Return the records exactly, with nothing added.
+++ RECORD SET +++
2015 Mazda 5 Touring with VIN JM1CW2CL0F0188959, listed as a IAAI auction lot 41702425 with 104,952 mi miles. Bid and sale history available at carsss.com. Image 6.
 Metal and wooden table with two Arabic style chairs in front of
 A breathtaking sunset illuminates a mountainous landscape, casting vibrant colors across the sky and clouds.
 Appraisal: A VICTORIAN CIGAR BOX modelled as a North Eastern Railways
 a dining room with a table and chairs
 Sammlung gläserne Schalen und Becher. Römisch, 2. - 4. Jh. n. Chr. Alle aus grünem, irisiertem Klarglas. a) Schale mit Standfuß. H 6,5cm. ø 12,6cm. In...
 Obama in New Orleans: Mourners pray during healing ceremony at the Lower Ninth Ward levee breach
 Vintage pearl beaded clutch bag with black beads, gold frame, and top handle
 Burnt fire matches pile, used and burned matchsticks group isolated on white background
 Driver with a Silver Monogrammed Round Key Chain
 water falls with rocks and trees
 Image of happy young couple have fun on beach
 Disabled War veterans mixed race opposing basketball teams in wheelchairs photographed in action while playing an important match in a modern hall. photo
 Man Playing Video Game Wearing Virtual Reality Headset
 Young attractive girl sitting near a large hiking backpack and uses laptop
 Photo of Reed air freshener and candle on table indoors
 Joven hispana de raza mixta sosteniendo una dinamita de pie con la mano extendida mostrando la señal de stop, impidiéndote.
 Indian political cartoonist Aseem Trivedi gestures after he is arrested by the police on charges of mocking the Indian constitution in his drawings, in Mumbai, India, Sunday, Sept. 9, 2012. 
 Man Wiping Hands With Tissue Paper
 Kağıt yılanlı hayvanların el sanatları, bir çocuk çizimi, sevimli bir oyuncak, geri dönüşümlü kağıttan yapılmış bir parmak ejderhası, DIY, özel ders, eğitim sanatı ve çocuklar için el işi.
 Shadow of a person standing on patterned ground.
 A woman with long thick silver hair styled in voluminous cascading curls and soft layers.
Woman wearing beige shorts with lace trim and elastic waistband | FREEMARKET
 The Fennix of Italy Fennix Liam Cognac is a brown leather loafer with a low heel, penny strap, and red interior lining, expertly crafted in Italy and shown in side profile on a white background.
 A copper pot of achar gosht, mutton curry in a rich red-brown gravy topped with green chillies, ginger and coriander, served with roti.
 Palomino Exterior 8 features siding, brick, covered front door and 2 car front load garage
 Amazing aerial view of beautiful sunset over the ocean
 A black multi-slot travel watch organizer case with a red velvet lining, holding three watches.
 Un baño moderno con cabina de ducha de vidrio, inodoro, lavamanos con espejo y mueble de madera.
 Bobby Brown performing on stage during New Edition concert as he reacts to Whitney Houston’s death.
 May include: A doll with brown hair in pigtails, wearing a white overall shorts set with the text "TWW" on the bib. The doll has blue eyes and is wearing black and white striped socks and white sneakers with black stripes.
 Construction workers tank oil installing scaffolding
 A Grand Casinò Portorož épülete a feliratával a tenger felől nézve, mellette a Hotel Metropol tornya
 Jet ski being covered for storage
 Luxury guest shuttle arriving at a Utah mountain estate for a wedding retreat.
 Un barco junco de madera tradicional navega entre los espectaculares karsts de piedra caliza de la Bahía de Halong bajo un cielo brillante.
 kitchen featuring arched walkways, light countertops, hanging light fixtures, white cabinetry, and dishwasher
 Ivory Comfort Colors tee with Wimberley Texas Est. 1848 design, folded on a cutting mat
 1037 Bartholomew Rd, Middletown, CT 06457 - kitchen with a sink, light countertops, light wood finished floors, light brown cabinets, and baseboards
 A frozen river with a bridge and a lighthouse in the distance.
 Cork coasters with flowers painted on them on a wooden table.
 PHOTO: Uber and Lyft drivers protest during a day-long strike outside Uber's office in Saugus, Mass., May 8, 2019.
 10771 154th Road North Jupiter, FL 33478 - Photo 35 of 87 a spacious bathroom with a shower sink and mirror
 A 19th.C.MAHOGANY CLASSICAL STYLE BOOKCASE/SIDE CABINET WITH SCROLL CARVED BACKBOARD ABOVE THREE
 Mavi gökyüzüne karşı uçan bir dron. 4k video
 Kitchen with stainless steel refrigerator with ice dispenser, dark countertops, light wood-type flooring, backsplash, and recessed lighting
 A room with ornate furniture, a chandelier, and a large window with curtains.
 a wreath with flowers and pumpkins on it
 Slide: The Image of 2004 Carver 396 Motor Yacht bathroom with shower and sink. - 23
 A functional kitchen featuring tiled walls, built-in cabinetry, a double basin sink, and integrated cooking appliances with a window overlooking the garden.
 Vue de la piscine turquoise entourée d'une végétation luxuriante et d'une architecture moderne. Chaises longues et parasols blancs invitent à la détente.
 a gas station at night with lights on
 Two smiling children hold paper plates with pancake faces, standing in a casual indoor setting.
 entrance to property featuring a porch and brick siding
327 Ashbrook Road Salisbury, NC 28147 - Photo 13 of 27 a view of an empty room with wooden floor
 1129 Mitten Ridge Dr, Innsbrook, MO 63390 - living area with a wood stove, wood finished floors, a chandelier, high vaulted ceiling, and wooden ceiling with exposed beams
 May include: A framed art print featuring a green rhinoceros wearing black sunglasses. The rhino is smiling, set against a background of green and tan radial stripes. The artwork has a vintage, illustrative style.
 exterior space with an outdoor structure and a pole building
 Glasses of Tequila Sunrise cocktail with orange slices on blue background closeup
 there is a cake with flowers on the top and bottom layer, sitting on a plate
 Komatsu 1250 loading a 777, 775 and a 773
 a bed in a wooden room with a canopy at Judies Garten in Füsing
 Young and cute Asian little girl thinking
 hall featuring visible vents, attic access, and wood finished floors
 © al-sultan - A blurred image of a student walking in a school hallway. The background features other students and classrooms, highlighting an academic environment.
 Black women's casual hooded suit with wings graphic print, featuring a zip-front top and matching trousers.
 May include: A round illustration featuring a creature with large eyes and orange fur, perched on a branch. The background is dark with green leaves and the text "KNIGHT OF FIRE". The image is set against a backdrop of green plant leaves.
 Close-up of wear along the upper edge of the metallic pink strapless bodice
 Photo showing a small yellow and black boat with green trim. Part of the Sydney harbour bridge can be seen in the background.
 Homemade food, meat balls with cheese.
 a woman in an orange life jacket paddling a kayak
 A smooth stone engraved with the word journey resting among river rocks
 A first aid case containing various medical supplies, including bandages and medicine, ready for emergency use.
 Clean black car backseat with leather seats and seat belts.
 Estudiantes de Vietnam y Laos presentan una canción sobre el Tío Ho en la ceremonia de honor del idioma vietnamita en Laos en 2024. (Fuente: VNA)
+++
> [WRITTEN SOLUTION]:
2015 Mazda 5 Touring with VIN JM1CW2CL0F0188959, listed as a IAAI auction lot 41702425 with 104,952 mi miles. Bid and sale history available at carsss.com. Image 6.
 Metal and wooden table with two Arabic style chairs in front of
 A breathtaking sunset illuminates a mountainous landscape, casting vibrant colors across the sky and clouds.
 Appraisal: A VICTORIAN CIGAR BOX modelled as a North Eastern Railways
 a dining room with a table and chairs
 Sammlung gläserne Schalen und Becher. Römisch, 2. - 4. Jh. n. Chr. Alle aus grünem, irisiertem Klarglas. a) Schale mit Standfuß. H 6,5cm. ø 12,6cm. In...
 Obama in New Orleans: Mourners pray during healing ceremony at the Lower Ninth Ward levee breach
 Vintage pearl beaded clutch bag with black beads, gold frame, and top handle
 Burnt fire matches pile, used and burned matchsticks group isolated on white background
 Driver with a Silver Monogrammed Round Key Chain
 water falls with rocks and trees
 Image of happy young couple have fun on beach
 Disabled War veterans mixed race opposing basketball teams in wheelchairs photographed in action while playing an important match in a modern hall. photo
 Man Playing Video Game Wearing Virtual Reality Headset
 Young attractive girl sitting near a large hiking backpack and uses laptop
 Photo of Reed air freshener and candle on table indoors
 Joven hispana de raza mixta sosteniendo una dinamita de pie con la mano extendida mostrando la señal de stop, impidiéndote.
 Indian political cartoonist Aseem Trivedi gestures after he is arrested by the police on charges of mocking the Indian constitution in his drawings, in Mumbai, India, Sunday, Sept. 9, 2012. 
 Man Wiping Hands With Tissue Paper
 Kağıt yılanlı hayvanların el sanatları, bir çocuk çizimi, sevimli bir oyuncak, geri dönüşümlü kağıttan yapılmış bir parmak ejderhası, DIY, özel ders, eğitim sanatı ve çocuklar için el işi.
 Shadow of a person standing on patterned ground.
 A woman with long thick silver hair styled in voluminous cascading curls and soft layers.
Woman wearing beige shorts with lace trim and elastic waistband | FREEMARKET
 The Fennix of Italy Fennix Liam Cognac is a brown leather loafer with a low heel, penny strap, and red interior lining, expertly crafted in Italy and shown in side profile on a white background.
 A copper pot of achar gosht, mutton curry in a rich red-brown gravy topped with green chillies, ginger and coriander, served with roti.
 Palomino Exterior 8 features siding, brick, covered front door and 2 car front load garage
 Amazing aerial view of beautiful sunset over the ocean
 A black multi-slot travel watch organizer case with a red velvet lining, holding three watches.
 Un baño moderno con cabina de ducha de vidrio, inodoro, lavamanos con espejo y mueble de madera.
 Bobby Brown performing on stage during New Edition concert as he reacts to Whitney Houston’s death.
 May include: A doll with brown hair in pigtails, wearing a white overall shorts set with the text "TWW" on the bib. The doll has blue eyes and is wearing black and white striped socks and white sneakers with black stripes.
 Construction workers tank oil installing scaffolding
 A Grand Casinò Portorož épülete a feliratával a tenger felől nézve, mellette a Hotel Metropol tornya
 Jet ski being covered for storage
 Luxury guest shuttle arriving at a Utah mountain estate for a wedding retreat.
 Un barco junco de madera tradicional navega entre los espectaculares karsts de piedra caliza de la Bahía de Halong bajo un cielo brillante.
 kitchen featuring arched walkways, light countertops, hanging light fixtures, white cabinetry, and dishwasher
 Ivory Comfort Colors tee with Wimberley Texas Est. 1848 design, folded on a cutting mat
 1037 Bartholomew Rd, Middletown, CT 06457 - kitchen with a sink, light countertops, light wood finished floors, light brown cabinets, and baseboards
 A frozen river with a bridge and a lighthouse in the distance.
 Cork coasters with flowers painted on them on a wooden table.
 PHOTO: Uber and Lyft drivers protest during a day-long strike outside Uber's office in Saugus, Mass., May 8, 2019.
 10771 154th Road North Jupiter, FL 33478 - Photo 35 of 87 a spacious bathroom with a shower sink and mirror
 A 19th.C.MAHOGANY CLASSICAL STYLE BOOKCASE/SIDE CABINET WITH SCROLL CARVED BACKBOARD ABOVE THREE
 Mavi gökyüzüne karşı uçan bir dron. 4k video
 Kitchen with stainless steel refrigerator with ice dispenser, dark countertops, light wood-type flooring, backsplash, and recessed lighting
 A room with ornate furniture, a chandelier, and a large window with curtains.
 a wreath with flowers and pumpkins on it
 Slide: The Image of 2004 Carver 396 Motor Yacht bathroom with shower and sink. - 23
 A functional kitchen featuring tiled walls, built-in cabinetry, a double basin sink, and integrated cooking appliances with a window overlooking the garden.
 Vue de la piscine turquoise entourée d'une végétation luxuriante et d'une architecture moderne. Chaises longues et parasols blancs invitent à la détente.
 a gas station at night with lights on
 Two smiling children hold paper plates with pancake faces, standing in a casual indoor setting.
 entrance to property featuring a porch and brick siding
327 Ashbrook Road Salisbury, NC 28147 - Photo 13 of 27 a view of an empty room with wooden floor
 1129 Mitten Ridge Dr, Innsbrook, MO 63390 - living area with a wood stove, wood finished floors, a chandelier, high vaulted ceiling, and wooden ceiling with exposed beams
 May include: A framed art print featuring a green rhinoceros wearing black sunglasses. The rhino is smiling, set against a background of green and tan radial stripes. The artwork has a vintage, illustrative style.
 exterior space with an outdoor structure and a pole building
 Glasses of Tequila Sunrise cocktail with orange slices on blue background closeup
 there is a cake with flowers on the top and bottom layer, sitting on a plate
 Komatsu 1250 loading a 777, 775 and a 773
 a bed in a wooden room with a canopy at Judies Garten in Füsing
 Young and cute Asian little girl thinking
 hall featuring visible vents, attic access, and wood finished floors
 © al-sultan - A blurred image of a student walking in a school hallway. The background features other students and classrooms, highlighting an academic environment.
 Black women's casual hooded suit with wings graphic print, featuring a zip-front top and matching trousers.
 May include: A round illustration featuring a creature with large eyes and orange fur, perched on a branch. The background is dark with green leaves and the text "KNIGHT OF FIRE". The image is set against a backdrop of green plant leaves.
 Close-up of wear along the upper edge of the metallic pink strapless bodice
 Photo showing a small yellow and black boat with green trim. Part of the Sydney harbour bridge can be seen in the background.
 Homemade food, meat balls with cheese.
 a woman in an orange life jacket paddling a kayak
 A smooth stone engraved with the word journey resting among river rocks
 A first aid case containing various medical supplies, including bandages and medicine, ready for emergency use.
 Clean black car backseat with leather seats and seat belts.
 Estudiantes de Vietnam y Laos presentan una canción sobre el Tío Ho en la ceremonia de honor del idioma vietnamita en Laos en 2024. (Fuente: VNA)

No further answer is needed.